- EXERCISE DIRECTIONS
Below are entries to be transcribed exactly; exclude the pictures from the copy.

[Caption-style text data]

■ ■ ■ ■ ■ ■ ■

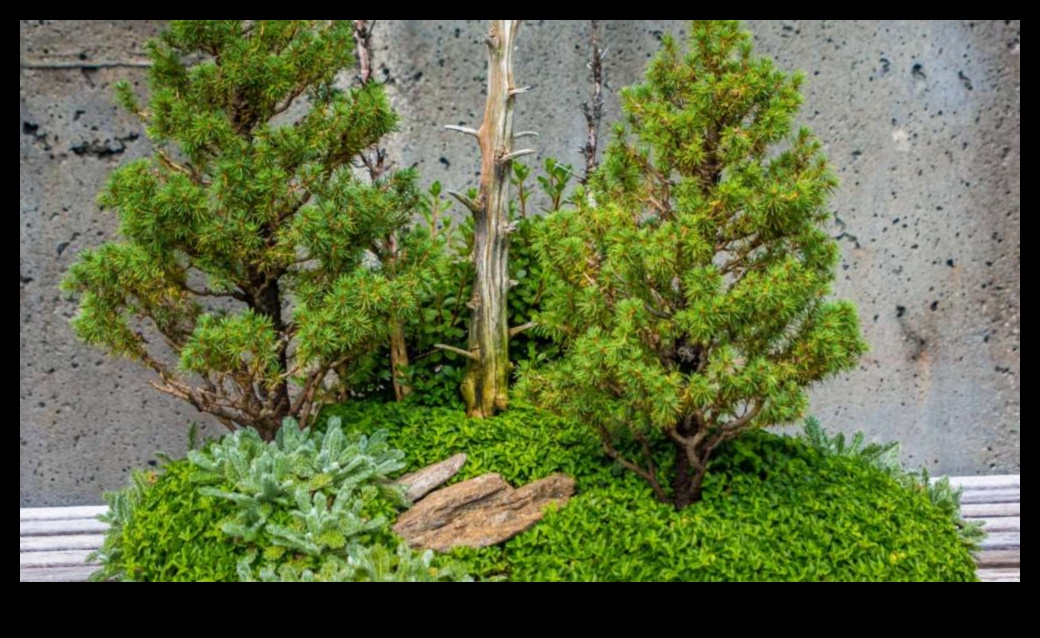 Bonsai Bliss: Miniature Worlds in Japanese Gardens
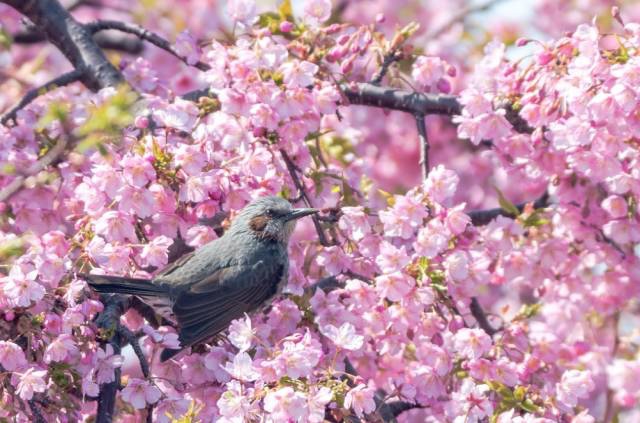 日本最全赏樱花攻略，再也不怕错过日本樱花季！                                                                                               日本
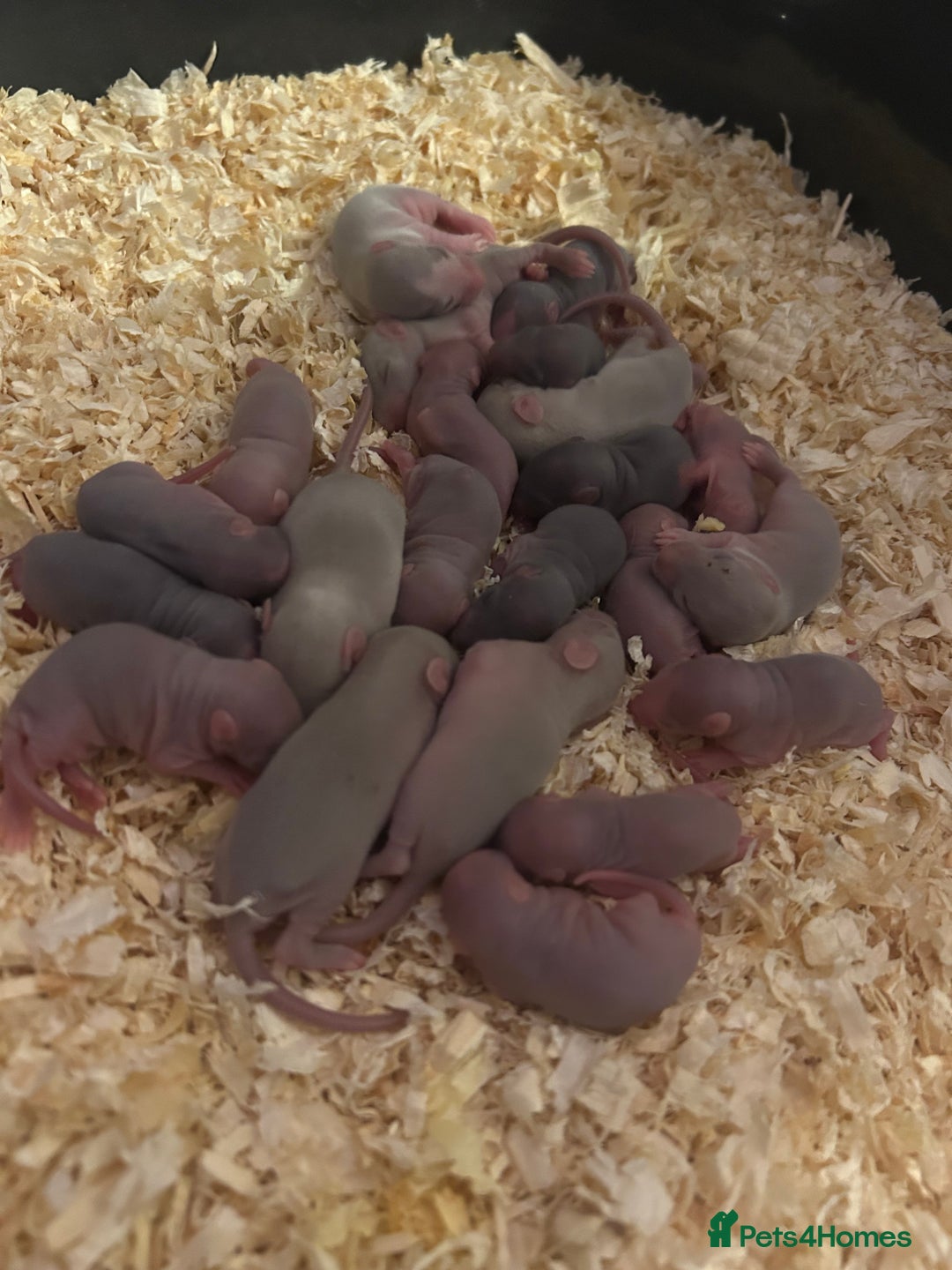 Rat rodents for sale: Baby rats  - Advert 3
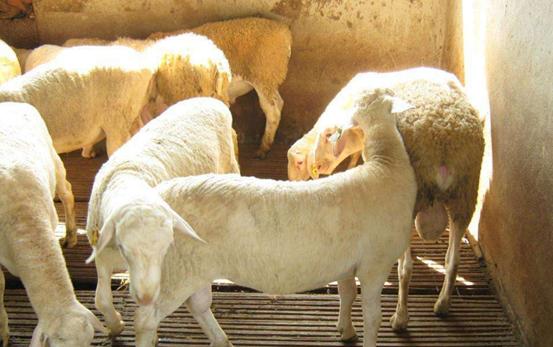 农村小伙养羊新模式年挣2亿元,河南大哥养羊赚了8000万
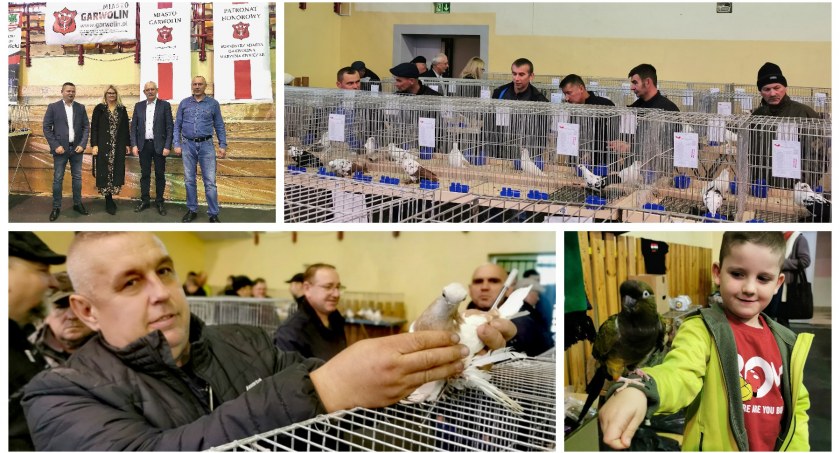 Gołębie powróciły do Garwolina po pandemicznej przerwie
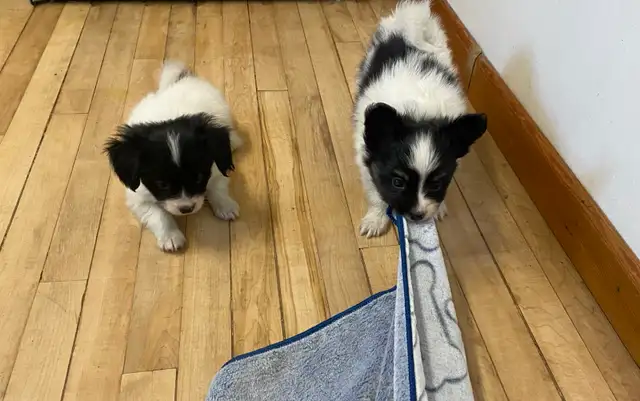 Pure Papillon Puppies - Photo 8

■ ■ ■ ■ ■ ■ ■

- RESPONSE TO THIS EXERCISE
 Bonsai Bliss: Miniature Worlds in Japanese Gardens
 日本最全赏樱花攻略，再也不怕错过日本樱花季！                                                                                               日本
 Rat rodents for sale: Baby rats  - Advert 3
 农村小伙养羊新模式年挣2亿元,河南大哥养羊赚了8000万
 Gołębie powróciły do Garwolina po pandemicznej przerwie
 Pure Papillon Puppies - Photo 8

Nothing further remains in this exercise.